# [Task instructions]
Would you return the data exactly as given, except for its pictures?

# [Information shown]
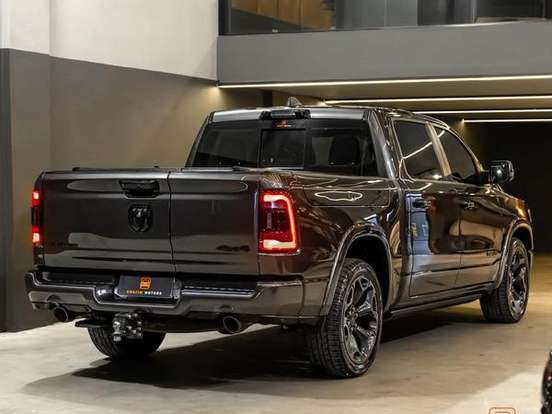 RAM-1500-5.7 V8 GASOLINA LIMITED NIGHT EDITION CD 4X4 AUTOMÁTICO RAM-1500-2023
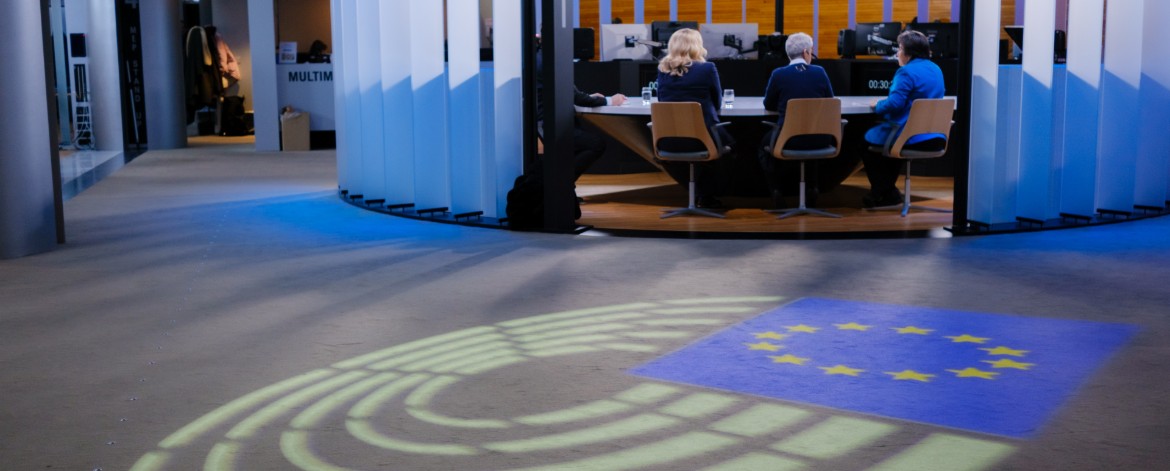 Uusi CAP: kuvassa EU:n lippu ja kokoushuoneessa istuvia ihmisiä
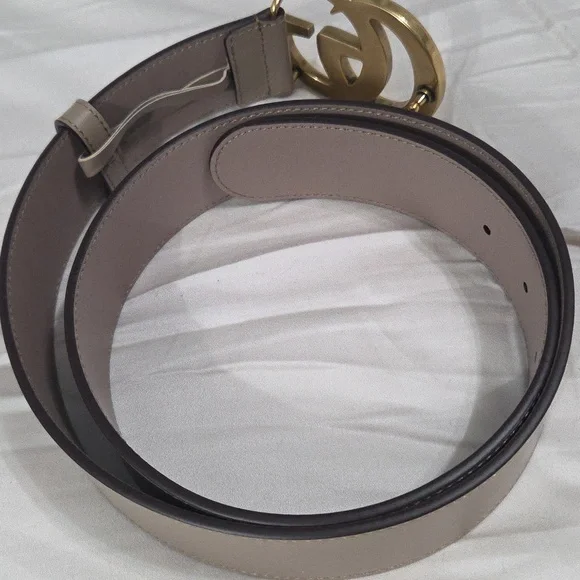 Gucci Taupe Pink Leather Belt with Gold Double G Buckle - Picture 13 of 16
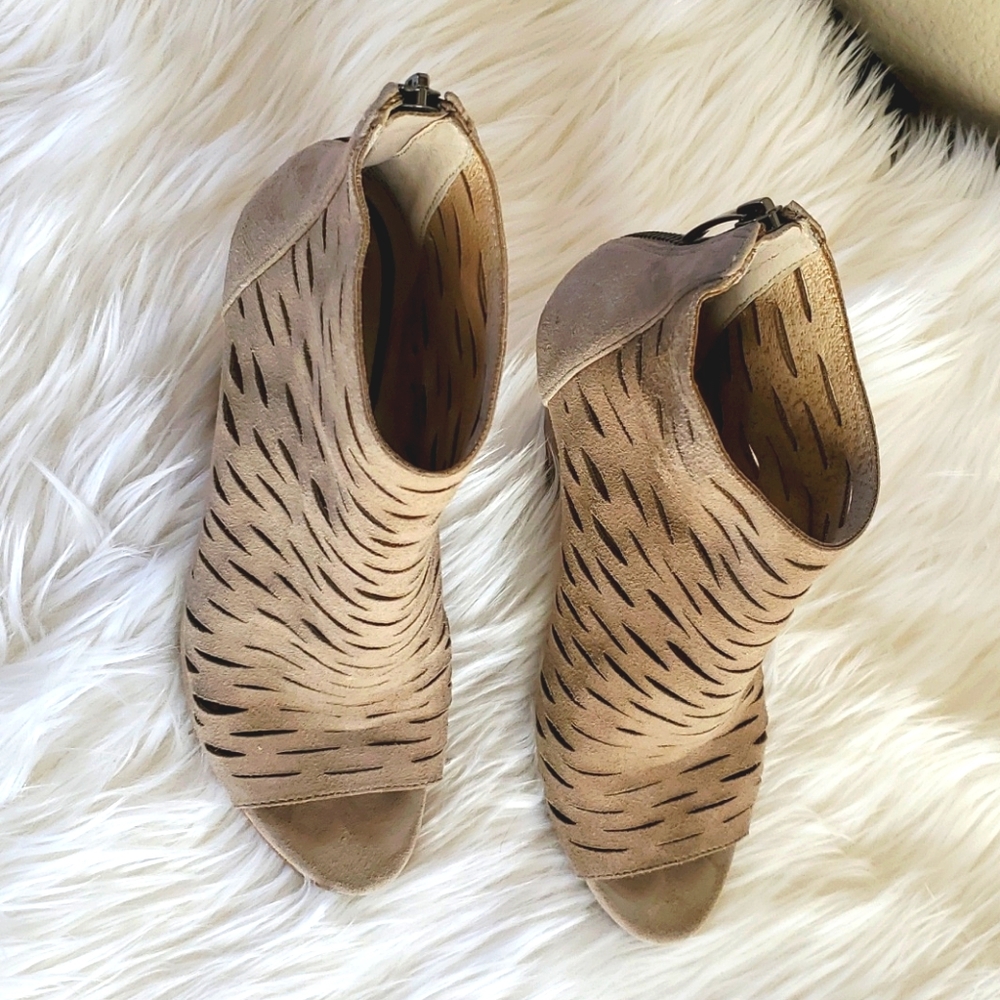 Steven Madden Boots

# [Result of the task]
 RAM-1500-5.7 V8 GASOLINA LIMITED NIGHT EDITION CD 4X4 AUTOMÁTICO RAM-1500-2023
 Uusi CAP: kuvassa EU:n lippu ja kokoushuoneessa istuvia ihmisiä
 Gucci Taupe Pink Leather Belt with Gold Double G Buckle - Picture 13 of 16
 Steven Madden Boots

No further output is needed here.